H2076 זָבַח
brengen (een) offer(s) -, opofferen, offeren, brengen (een), offerande doen, slachten

Bijbelteksten

Psalm 50:23Wie dankoffert, die zal Mij eren; en wie [zijn] weg [wel] aanstelt, dien zal Ik Gods heil doen zien.
Psalm 54:8Ik zal U met vrijwilligheid offeren; ik zal Uw Naam, o HEERE! loven, want Hij is goed.
Psalm 106:37Daarenboven hebben zij hun zonen en hun dochteren den duivelen geofferd.
Psalm 106:38En zij hebben onschuldig bloed vergoten, het bloed hunner zonen en hunner dochteren, die zij den afgoden van Kanaan hebben opgeofferd; zodat het land door deze bloedschulden is ontheiligd geworden.

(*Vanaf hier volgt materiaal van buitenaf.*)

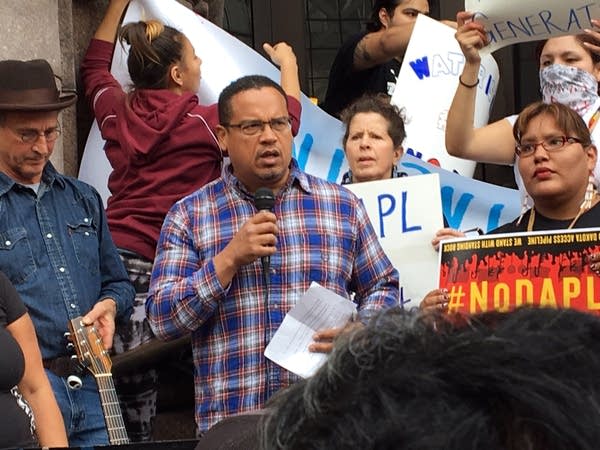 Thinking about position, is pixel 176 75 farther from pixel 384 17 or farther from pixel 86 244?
pixel 384 17

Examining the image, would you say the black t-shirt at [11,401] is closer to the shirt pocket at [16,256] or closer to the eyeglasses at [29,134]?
the shirt pocket at [16,256]

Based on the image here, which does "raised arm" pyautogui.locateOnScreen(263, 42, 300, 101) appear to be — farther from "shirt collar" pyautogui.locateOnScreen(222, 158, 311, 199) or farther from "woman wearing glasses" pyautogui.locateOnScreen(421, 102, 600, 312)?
"woman wearing glasses" pyautogui.locateOnScreen(421, 102, 600, 312)

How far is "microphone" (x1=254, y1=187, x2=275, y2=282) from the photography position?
13.2 ft

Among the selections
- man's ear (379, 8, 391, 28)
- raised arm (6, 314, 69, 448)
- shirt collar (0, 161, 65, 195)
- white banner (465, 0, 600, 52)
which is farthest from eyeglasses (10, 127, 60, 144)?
man's ear (379, 8, 391, 28)

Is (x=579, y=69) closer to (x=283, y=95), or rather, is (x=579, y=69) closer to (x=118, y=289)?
(x=283, y=95)

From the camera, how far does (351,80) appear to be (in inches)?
257

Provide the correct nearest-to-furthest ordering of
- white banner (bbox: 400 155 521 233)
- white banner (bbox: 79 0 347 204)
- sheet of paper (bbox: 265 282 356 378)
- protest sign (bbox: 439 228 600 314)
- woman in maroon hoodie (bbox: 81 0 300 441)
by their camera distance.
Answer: protest sign (bbox: 439 228 600 314)
sheet of paper (bbox: 265 282 356 378)
woman in maroon hoodie (bbox: 81 0 300 441)
white banner (bbox: 400 155 521 233)
white banner (bbox: 79 0 347 204)

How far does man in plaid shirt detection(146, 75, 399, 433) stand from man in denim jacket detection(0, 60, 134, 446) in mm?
376

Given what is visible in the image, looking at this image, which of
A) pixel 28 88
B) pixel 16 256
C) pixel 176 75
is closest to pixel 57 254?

Psalm 107:22En dat zij lofofferen offeren, en met gejuich Zijn werken vertellen.
Psalm 116:17Ik zal U offeren, offerande van dankzegging, en den Naam des HEEREN aanroepen.
Prediker 9:2Alle ding [wedervaart hun], gelijk aan alle [anderen]; enerlei wedervaart den rechtvaardige en den goddeloze, den goede en den reine, als den onreine; zo dien, die offert, als dien, die niet offert; gelijk den goede, alzo [ook] den zondaar, dien, die zweert, gelijk dien, die den eed vreest.

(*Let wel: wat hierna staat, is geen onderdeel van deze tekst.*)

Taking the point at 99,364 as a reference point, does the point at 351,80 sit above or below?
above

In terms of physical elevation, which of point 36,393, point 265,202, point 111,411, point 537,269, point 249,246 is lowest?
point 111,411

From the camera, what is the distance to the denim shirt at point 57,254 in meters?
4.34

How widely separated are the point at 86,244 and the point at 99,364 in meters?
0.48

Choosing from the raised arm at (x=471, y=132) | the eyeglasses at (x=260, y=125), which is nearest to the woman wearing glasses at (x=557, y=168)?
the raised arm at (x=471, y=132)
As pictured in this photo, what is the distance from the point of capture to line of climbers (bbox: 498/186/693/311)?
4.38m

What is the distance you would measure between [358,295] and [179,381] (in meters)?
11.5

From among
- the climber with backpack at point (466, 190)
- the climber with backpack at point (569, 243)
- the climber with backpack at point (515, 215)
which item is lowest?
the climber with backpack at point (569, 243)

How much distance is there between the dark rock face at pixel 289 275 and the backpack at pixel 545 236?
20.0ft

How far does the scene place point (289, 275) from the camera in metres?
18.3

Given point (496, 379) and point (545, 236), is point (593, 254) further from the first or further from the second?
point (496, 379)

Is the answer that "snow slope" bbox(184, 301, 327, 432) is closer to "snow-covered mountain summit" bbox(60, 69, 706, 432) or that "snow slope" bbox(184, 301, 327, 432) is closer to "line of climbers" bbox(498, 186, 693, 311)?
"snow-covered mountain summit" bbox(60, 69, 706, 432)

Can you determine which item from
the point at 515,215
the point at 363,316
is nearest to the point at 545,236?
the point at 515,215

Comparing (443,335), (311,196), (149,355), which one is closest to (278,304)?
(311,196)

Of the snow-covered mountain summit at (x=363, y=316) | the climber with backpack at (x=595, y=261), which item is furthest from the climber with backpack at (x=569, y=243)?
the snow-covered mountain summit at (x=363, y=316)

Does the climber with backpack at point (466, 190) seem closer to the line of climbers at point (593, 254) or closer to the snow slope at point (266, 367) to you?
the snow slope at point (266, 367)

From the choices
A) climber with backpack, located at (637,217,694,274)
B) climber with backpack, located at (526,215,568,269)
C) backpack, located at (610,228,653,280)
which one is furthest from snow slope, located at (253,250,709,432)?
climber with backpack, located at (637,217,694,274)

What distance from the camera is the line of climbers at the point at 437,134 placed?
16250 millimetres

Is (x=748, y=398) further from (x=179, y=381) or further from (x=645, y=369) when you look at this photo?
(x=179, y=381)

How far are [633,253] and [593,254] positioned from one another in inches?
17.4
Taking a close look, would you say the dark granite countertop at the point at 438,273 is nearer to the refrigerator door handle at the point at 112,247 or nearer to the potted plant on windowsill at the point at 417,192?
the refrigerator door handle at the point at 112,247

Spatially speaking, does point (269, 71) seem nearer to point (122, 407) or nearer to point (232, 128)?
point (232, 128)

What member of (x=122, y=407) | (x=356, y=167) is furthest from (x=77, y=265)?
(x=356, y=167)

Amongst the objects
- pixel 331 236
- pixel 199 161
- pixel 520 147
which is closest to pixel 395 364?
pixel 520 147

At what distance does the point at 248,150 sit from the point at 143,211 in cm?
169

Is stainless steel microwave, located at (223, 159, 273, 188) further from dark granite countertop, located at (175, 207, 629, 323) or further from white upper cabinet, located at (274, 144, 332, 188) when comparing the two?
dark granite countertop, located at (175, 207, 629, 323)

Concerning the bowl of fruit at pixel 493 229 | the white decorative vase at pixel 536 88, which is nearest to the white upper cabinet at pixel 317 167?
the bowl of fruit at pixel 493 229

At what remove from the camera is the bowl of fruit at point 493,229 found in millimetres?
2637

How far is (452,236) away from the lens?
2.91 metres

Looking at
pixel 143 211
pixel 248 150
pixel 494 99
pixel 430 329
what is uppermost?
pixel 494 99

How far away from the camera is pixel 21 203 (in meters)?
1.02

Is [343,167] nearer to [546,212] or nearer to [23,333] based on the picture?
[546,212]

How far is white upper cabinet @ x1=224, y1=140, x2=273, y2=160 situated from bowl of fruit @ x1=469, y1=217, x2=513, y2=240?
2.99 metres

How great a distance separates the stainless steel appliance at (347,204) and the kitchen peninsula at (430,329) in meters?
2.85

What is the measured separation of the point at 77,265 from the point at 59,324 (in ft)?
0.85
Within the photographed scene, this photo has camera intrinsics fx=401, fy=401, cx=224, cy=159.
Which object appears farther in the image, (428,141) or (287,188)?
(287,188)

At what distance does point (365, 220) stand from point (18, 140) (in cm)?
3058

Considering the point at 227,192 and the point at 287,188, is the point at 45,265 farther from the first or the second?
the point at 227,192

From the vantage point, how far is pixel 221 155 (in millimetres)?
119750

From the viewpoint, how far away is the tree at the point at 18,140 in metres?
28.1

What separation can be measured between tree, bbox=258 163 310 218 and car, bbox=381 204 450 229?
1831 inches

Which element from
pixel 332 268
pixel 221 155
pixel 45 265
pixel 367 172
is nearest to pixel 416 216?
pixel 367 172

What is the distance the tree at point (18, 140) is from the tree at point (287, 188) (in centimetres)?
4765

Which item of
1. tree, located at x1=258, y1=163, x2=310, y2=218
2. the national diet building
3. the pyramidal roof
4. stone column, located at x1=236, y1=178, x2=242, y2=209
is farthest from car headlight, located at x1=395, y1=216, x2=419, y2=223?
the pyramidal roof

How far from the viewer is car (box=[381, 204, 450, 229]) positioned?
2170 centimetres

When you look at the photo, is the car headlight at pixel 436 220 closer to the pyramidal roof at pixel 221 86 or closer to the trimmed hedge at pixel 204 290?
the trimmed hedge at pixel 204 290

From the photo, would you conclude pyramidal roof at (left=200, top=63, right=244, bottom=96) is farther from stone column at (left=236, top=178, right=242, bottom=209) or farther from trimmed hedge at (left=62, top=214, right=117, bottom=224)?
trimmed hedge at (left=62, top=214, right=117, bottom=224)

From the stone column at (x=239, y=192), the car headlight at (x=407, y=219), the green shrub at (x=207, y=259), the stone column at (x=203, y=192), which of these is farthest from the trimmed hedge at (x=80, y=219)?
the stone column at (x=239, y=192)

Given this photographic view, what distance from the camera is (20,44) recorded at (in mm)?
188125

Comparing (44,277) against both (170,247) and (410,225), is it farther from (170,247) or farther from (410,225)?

Jesaja 57:7Gij stelt uw leger op een hogen en verhevenen berg; ook klimt gij derwaarts op, om slachtoffer te offeren.
Jesaja 65:3Een volk, Mij geduriglijk tergende in Mijn aangezicht, in hoven offerende, en rokende op tichelstenen;
Jesaja 66:3Wie een os slacht, slaat een man; wie een lam offert, breekt een hond den hals; wie spijsoffer offert, is [als die] zwijnenbloed [offert]; wie wierook brandt ten gedenkoffer, is [als] die een afgod zegent. Dezen verkiezen ook hun wegen, en hun ziel heeft lust aan hun verfoeiselen.

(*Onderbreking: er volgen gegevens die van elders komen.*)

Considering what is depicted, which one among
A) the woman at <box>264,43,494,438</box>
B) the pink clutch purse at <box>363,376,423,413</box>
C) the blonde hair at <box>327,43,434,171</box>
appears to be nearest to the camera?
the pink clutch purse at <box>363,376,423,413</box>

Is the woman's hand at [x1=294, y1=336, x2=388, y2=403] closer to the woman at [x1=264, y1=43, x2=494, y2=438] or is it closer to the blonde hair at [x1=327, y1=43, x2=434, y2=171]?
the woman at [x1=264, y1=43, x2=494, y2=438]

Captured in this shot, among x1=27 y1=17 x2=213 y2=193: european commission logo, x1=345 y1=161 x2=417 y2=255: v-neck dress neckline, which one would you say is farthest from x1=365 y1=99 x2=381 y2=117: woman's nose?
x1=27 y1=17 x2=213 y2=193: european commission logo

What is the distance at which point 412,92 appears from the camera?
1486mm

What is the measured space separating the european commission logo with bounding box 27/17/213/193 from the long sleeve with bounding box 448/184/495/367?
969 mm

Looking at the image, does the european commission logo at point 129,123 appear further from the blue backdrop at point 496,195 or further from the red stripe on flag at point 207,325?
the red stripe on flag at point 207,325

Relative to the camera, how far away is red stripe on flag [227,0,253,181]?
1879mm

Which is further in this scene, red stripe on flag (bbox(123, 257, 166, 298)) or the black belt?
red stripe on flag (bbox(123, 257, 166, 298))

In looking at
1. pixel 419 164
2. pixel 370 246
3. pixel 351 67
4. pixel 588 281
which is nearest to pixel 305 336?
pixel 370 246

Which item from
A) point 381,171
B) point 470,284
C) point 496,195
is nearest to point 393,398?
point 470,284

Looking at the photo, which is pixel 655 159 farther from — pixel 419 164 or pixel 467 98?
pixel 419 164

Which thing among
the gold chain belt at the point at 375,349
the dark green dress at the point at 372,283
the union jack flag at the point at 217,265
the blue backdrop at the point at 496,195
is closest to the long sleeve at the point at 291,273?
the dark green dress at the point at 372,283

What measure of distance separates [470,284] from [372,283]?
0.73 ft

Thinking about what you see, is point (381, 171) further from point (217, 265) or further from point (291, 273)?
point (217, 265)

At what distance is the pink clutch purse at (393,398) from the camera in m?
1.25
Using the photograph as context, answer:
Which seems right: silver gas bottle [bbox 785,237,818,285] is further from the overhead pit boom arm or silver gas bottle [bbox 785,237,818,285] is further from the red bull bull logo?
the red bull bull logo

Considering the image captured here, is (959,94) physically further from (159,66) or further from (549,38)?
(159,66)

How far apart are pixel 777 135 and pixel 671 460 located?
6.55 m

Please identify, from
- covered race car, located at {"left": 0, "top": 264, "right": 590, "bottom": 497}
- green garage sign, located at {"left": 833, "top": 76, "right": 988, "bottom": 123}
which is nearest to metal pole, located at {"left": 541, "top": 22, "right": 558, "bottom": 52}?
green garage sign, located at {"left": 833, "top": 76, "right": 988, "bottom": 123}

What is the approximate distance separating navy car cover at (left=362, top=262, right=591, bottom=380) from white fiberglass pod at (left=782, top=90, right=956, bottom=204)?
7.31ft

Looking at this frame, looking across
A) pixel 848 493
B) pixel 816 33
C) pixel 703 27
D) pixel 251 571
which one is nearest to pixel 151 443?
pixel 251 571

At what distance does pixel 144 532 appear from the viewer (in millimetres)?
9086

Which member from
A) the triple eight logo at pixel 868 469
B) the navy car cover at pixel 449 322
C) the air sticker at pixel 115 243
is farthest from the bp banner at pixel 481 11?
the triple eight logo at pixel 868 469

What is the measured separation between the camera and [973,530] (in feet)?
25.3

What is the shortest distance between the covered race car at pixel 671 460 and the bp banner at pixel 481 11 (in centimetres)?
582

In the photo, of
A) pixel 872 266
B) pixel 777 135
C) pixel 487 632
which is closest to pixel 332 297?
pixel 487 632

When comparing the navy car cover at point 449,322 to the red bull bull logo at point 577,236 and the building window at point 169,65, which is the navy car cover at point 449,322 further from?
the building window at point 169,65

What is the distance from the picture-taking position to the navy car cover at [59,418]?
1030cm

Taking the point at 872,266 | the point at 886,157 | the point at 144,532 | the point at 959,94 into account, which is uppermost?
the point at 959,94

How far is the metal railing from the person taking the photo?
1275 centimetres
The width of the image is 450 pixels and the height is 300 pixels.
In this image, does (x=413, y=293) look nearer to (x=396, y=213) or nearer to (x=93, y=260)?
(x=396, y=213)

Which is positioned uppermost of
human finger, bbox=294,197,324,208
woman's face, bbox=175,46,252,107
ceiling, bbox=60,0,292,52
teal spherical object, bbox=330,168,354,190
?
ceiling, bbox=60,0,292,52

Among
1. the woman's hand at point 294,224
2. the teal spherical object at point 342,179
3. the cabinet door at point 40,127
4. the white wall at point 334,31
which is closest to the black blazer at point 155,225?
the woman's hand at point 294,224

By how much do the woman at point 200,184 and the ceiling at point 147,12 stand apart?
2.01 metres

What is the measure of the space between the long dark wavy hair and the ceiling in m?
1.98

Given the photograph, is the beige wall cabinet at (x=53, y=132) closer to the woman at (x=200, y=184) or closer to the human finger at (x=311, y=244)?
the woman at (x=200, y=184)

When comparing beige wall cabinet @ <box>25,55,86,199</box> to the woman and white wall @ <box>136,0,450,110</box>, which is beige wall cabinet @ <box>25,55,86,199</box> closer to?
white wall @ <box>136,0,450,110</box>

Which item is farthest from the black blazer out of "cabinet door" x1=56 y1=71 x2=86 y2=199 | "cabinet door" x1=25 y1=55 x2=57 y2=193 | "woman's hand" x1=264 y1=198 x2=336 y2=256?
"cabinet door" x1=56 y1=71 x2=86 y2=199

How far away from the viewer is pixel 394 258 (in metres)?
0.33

Ezechiel 16:20Verder hebt gij uw zonen en uw dochteren, die gij Mij gebaard hadt, genomen, en hebt ze denzelven geofferd om te verteren; is het wat kleins van uw hoererijen,
Ezechiel 20:28Als Ik hen in het land gebracht had, over hetwelk Ik Mijn hand opgeheven had, om hetzelve hun te geven, zo zagen zij naar allen hogen heuvel, en alle dicht geboomte, en offerden daar hun offeren, en gaven daar hun tergende offeranden, en daar zetten zij hun liefelijken reuk, en daar offerden zij hun drankofferen.
Ezechiel 34:3Gij eet het vette, en bekleedt u met de wol, gij slacht het gemeste, [maar] de schapen weidt gij niet.
Ezechiel 39:17Gij dan, mensenkind! zo zegt de Heere HEERE: Zeg tot het gevogelte van allen vleugel, en tot al het gedierte des velds: Vergadert u, en komt aan, verzamelt u van rondom, tot Mijn slachtoffer, dat Ik voor u geslacht heb, een groot slachtoffer, op de bergen Israels, en eet vlees, en drink bloed.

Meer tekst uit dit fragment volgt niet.